— Work to complete —
Output exactly, and only, the lines below from the one with "Ford C-MAX II Brake pedal AV612467AC" down to the one with "Photo of property". Include both end lines and no pictures.

— Data —
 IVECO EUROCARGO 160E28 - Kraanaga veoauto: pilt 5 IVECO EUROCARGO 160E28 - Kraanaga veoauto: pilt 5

--

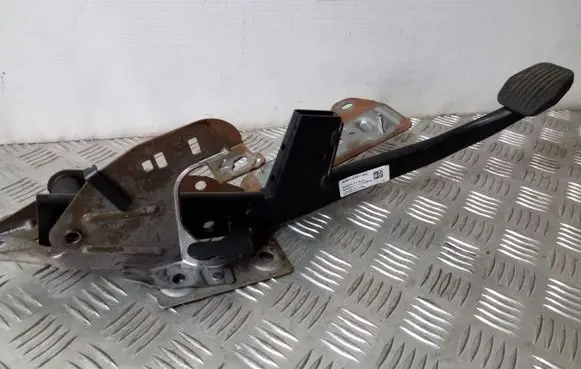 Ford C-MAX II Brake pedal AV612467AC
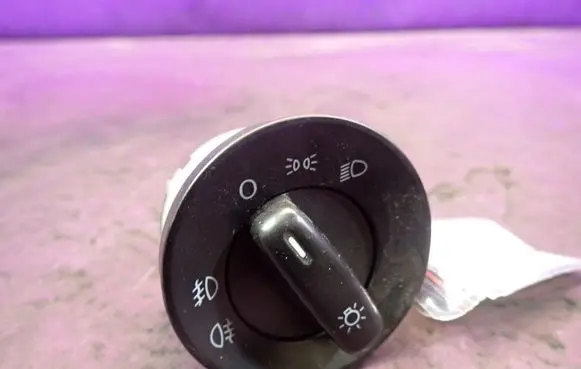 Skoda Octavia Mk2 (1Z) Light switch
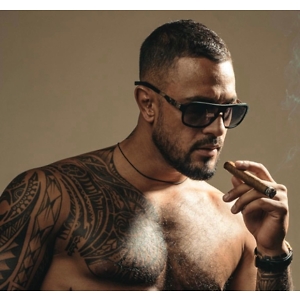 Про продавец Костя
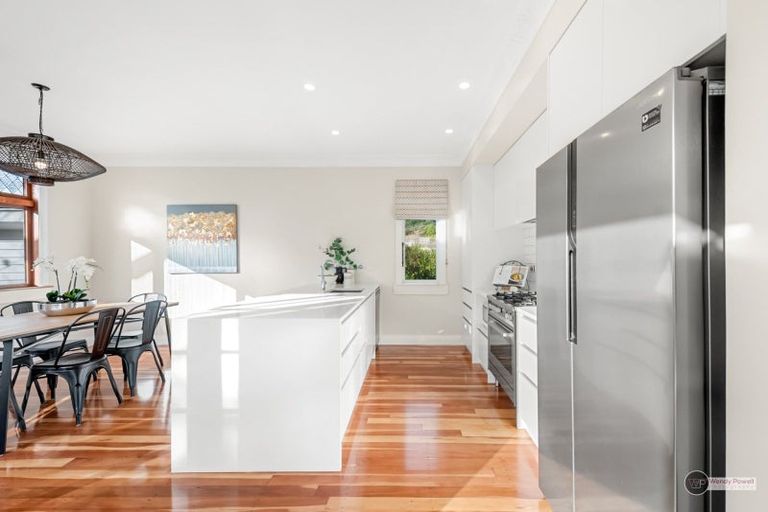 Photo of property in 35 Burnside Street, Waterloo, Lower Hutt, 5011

— Worked solution —
 Ford C-MAX II Brake pedal AV612467AC
 Skoda Octavia Mk2 (1Z) Light switch
 Про продавец Костя
 Photo of property in 35 Burnside Street, Waterloo, Lower Hutt, 5011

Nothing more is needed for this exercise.